Muszę przyznać, że nawet się jeszcze na dobre zima nie zaczęła a ja już tęsknię do kolorowego świata. Więc wrzucam kilka zdjęć z jesieni, na które wcześniej nie miałam czasu. Mają energetyzujące kolory, a czerwień jest dla mnie jak powietrze:) dlatego też pokazuję te zdjęcia w takich właśnie barwach, choć przy moim dzisiejszym nastroju, musiałam się powstrzymywać by nie pozbawić ich tego nasycenia.

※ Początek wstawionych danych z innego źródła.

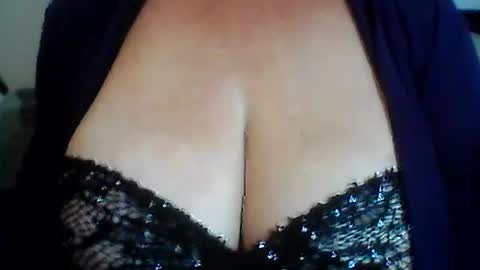 perlita070822 online show from June 25, 5:12 am
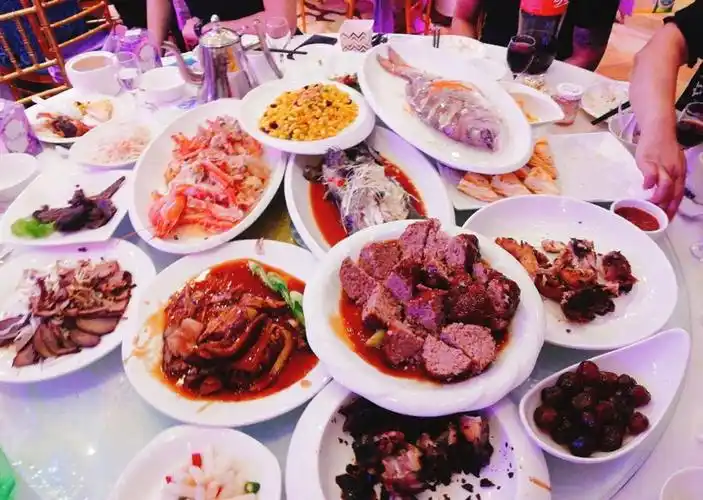 女人梦见很多人参加宴席或酒席，这是什么预兆或含义？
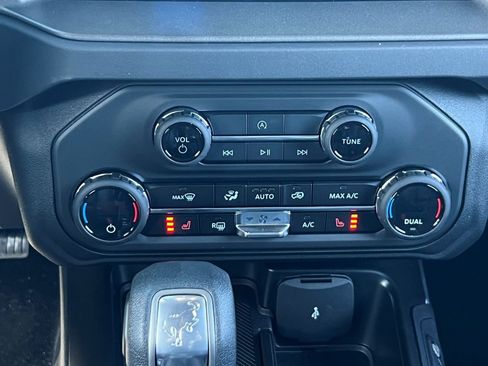 New 2026 Ford Bronco Big Bend image 17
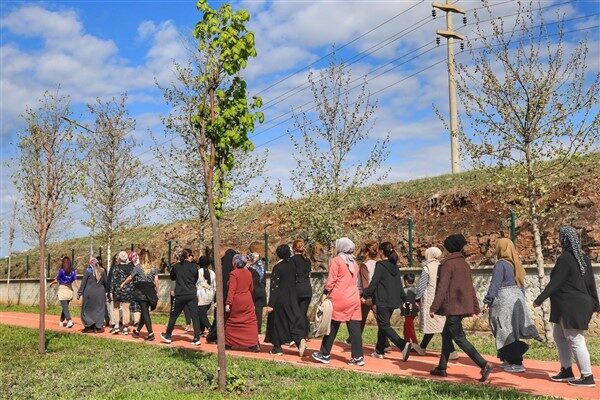 Söz konusu etkinliklere katılmak isteyen kadınlar, kurslara kayıt yaptırdı. Şu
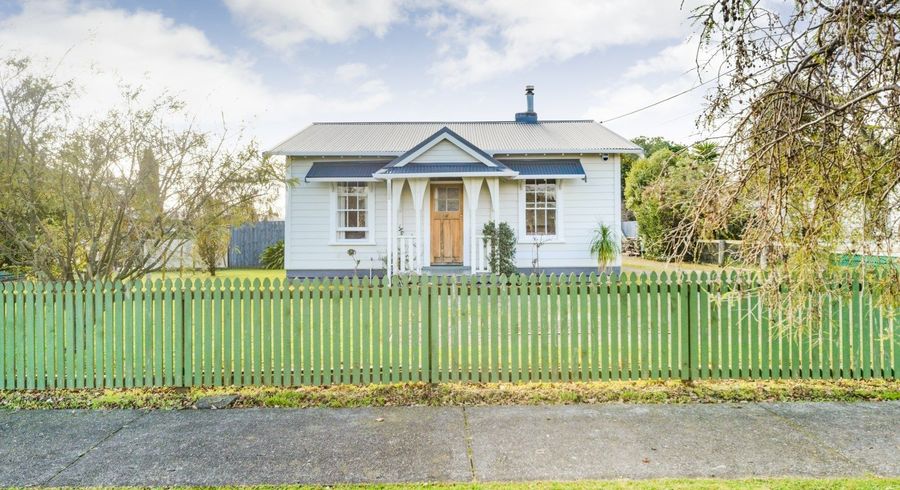  at 22 Carlisle Street, Milson, Palmerston North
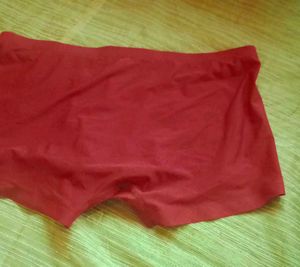 Red Men&#39;s Silk Seamless Boxer Briefs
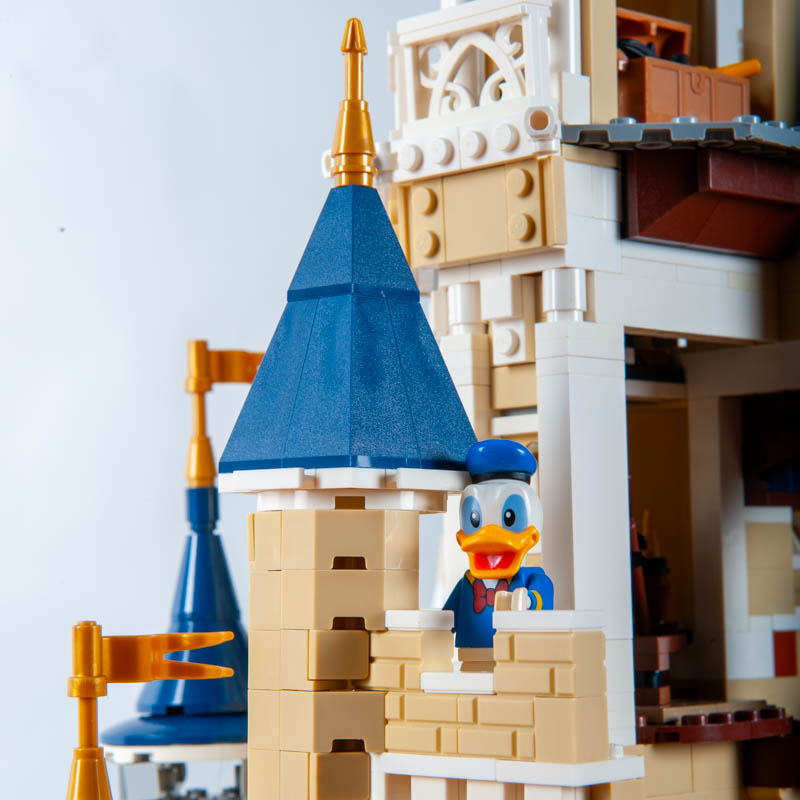 LEGO Het Disney kasteel 71040 huren bij Steentjesloods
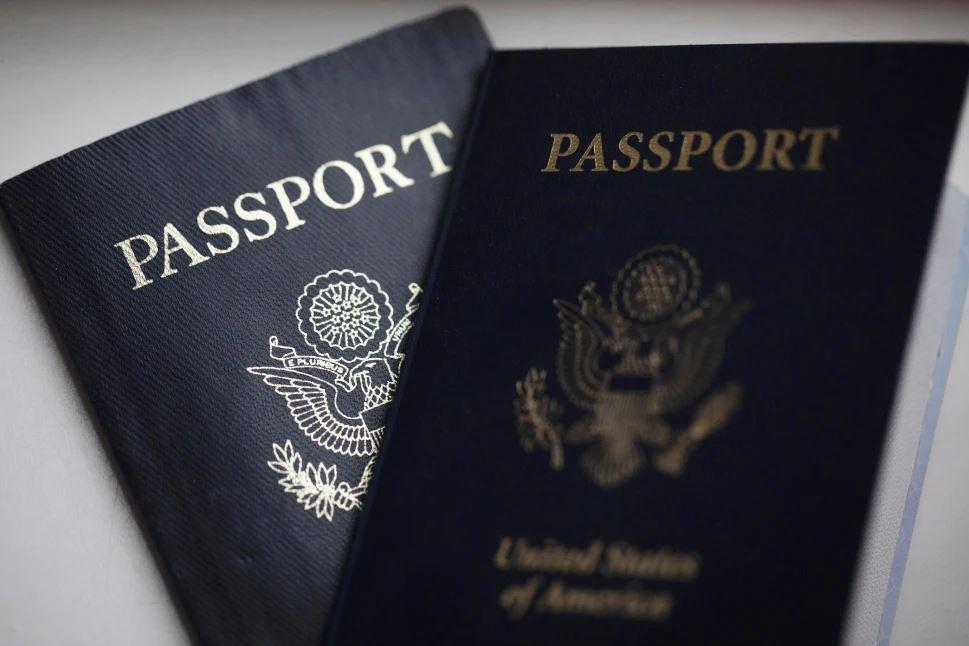 Juiz diz que governo não pode limitar marcadores de sexo em passaportes para muitas pessoas transgênero e não binárias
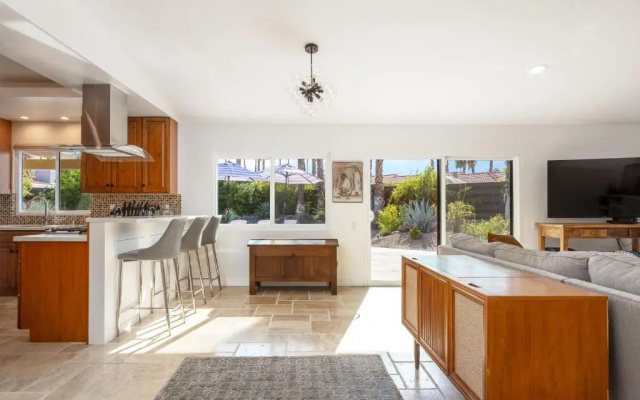 Modern Loma Vista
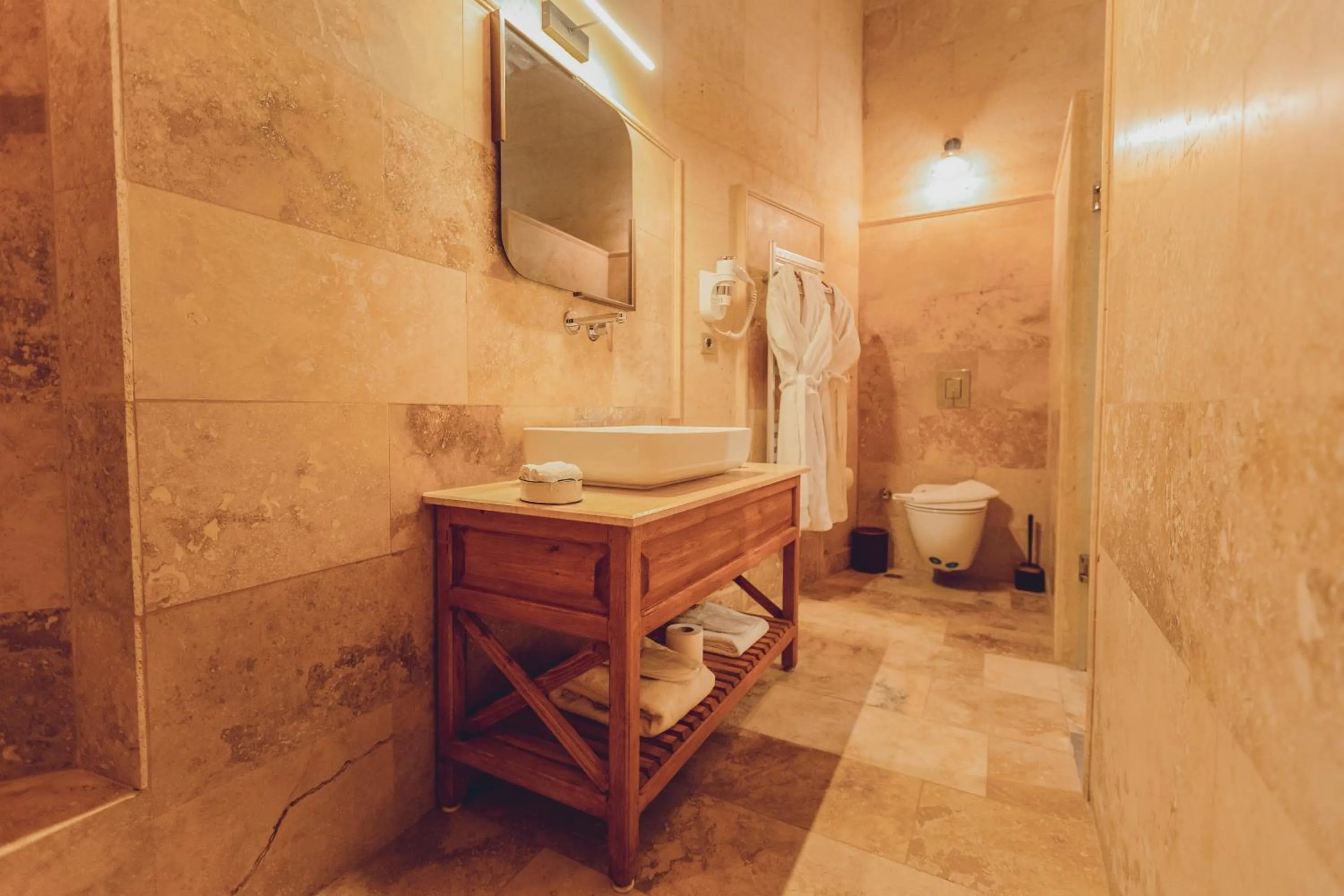 Bathroom in Peristyle Cave Cappadocia- Special Class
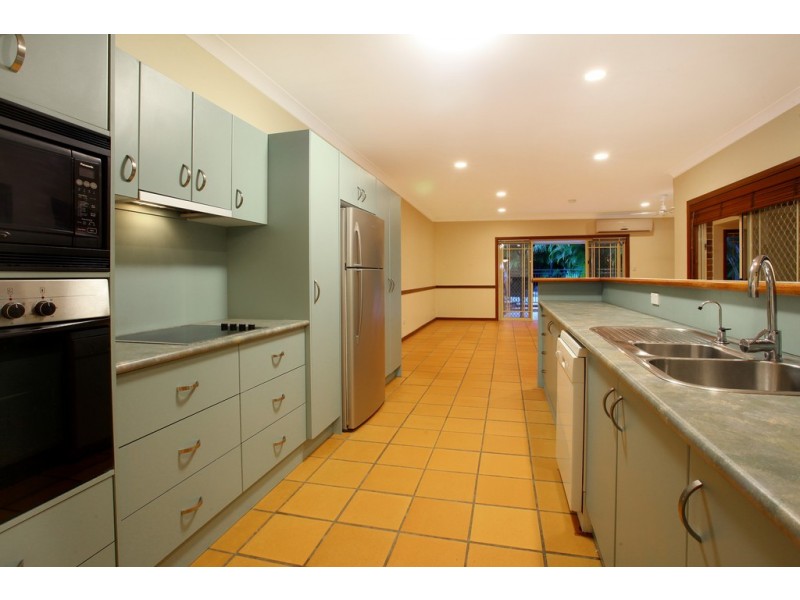 20 Collingwood Avenue, Robina QLD 4226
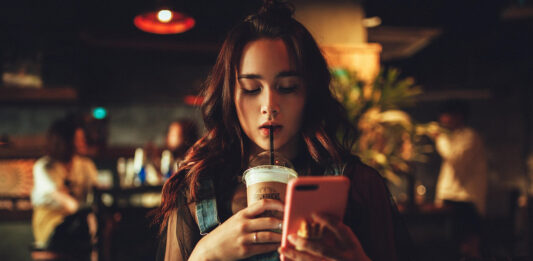 Технолошките гиганти ги претвораат социјалните мрежи во ВИ-експеримент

I na dokładkę krótki wiersz Marii Pawlikowskiej-Jasnorzewskiej, która jak widać w pewnym momencie też zatęskniła do kolorów;))
"Barwy"
Oto jest fiolet - drzewa cień idący żwirem,
fiolet łączący miłość czerwieni z szafirem. -
Tam brzóz różowa kora i zieleń wesoła,
a w jej ruchliwej sukni nieb błękitne koła.
A we mnie biało, biało, cicho, jednostajnie -
bo noszę w sobie wszystkich barw skupioną tajnię. -
O, jakże się w białości mojej bieli męczę -
chcę barwą być - a któż mnie rozbije na tęczę?